With the fluctuation of system frequency, in electric automobile participates in frequency-modulating process, its battery will in time discharge and recharge, with sound System fm control signal is answered, so as to cause battery SOC to produce fluctuation.To prevent battery from overcharging, can limit the SOC upper limits as SOCmax.Equally, to avoid battery over-discharge, it is SOC that can limit SOC lower limitsmin.Limiting SOC lower limits SOCminWhen, if examining Consider the randomness of electric automobile main time of using cars and the requirement to vehicle continuation of the journey, then SOCminValue is larger;If not considering above-mentioned Factor, only for avoiding battery over-discharge, then SOCminValue is smaller.The fluctuation range of batteries of electric automobile SOC is in (SOCmin, SOCmax) between.
Above-mentioned SOCmCan be calculated by formula (1).
Idle condition:
For switching to the electric automobile of charged state by controllable state, and the shorter electric automobile of power grid time is accessed, After the completion of its charging plan, idle condition is switched to by charged state.
Only it is in the electric automobile of controllable state, ability response system fm control signal, so as to participate in power system Frequency modulation.Therefore, it is necessary to initially set up the dynamic change simulation algorithm model of controllable electric automobile quantity.The a certain moment in region Controllable electric automobile quantity, depending on the electric automobile quantity for controllable state being carved into when this He go out controllable state.In the time In the range of, with the change of each electric automobile controllable state, controllable electric automobile quantity will show dynamic change in region Process.The change of controllable state is studied, the traveling rule that must just combine electric automobile is divided with State Transferring characteristic Analysis.
The present invention is using monte carlo method come the ruuning situation of stochastic simulation electric automobile:
If initial time is t0, electric automobile accesses the power network moment for t in region1, according to foregoing electric automobile controllable state Partial analysis, if a length of T during charging electric vehicle2, it can thus be concluded that electric automobile enters controllable state moment t3For:
t3=t1+T2 (2)
Due to SOC0With SOCmRelative size, according to two kinds of situation analysis for entering controllable state, T can be drawn2Calculating formula For:
In formula, EevIt is the single battery capacity of electric automobile, PevIt is the single charge power of electric automobile, ηevTo charge Efficiency.
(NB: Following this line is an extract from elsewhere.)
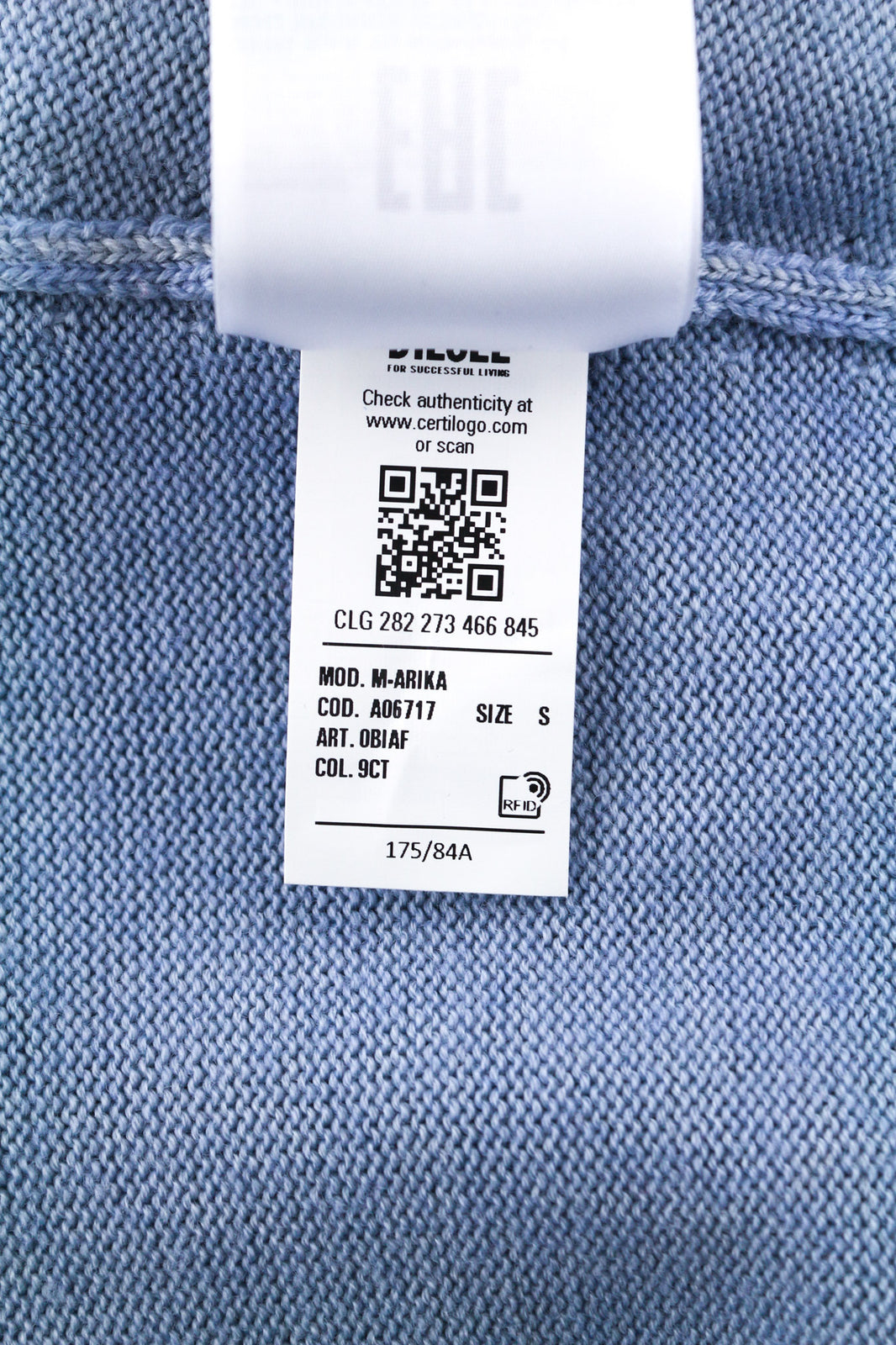 DIESEL M-Arika Women Jumper S Light Blue Washed Cardigan Wool Knitted RRP€300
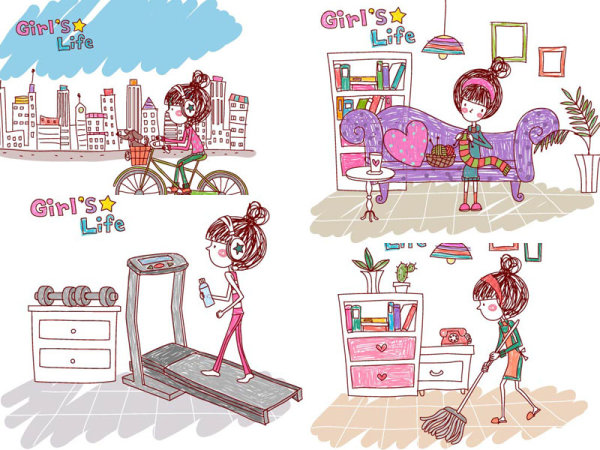 女孩的生活&middot;EPS&nbsp;Girl&rsquo;s&nbsp;Life7矢量素材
Go out controllable state moment t for electric automobile4.From it is foregoing go out controllable state partial analysis, if electronic vapour Car is to switch to transport condition by controllable state, then t4It is exactly that electric automobile departs from the power network moment, namely car owner's trip of driving is opened Begin the moment.Now, t4Obey probability distribution.It is electronic in order to extend if electric automobile is to switch to charged state by controllable state Automobile participates in the time of frequency modulation, can use fast charge mode, within the short period entered before transport condition, battery is improved rapidly SOC, to meet the requirement with SOC higher when electric automobile sets out.After considering time margin, maximum fills duration soon can be set to one Definite value.Once the traveling of electric automobile is set out the moment (depart from the power network moment) determining, subtract maximum and fill duration, t soon4Can be really It is fixed.
Using the access power network moment t of monte carlo method random sampling electric automobile1, it is initial charged during access power network Value SOC0With go out controllable state moment t4, the entry/exit controllable state of each electric automobile is constantly simulated, finally give institute in region There is the entry/exit controllable state timetable of electric automobile.
Statistical analysis is carried out by electric automobile entry/exit controllable state timetable, each moment in region can be obtained Enter controllable state electric automobile quantity N 'in(ti) and go out controllable state electric automobile quantity N'out(ti), by formula (4) and formula (5) the accumulative electric automobile quantity N that t enters controllable state can be calculatedin(t) and the accumulative electric automobile for going out controllable state Quantity Nout(t)。
Additionally, setting t0The initial controllable electric automobile quantity at moment is N0.Then, the controllable electric automobile quantity N of tc T () is as shown in formula (6).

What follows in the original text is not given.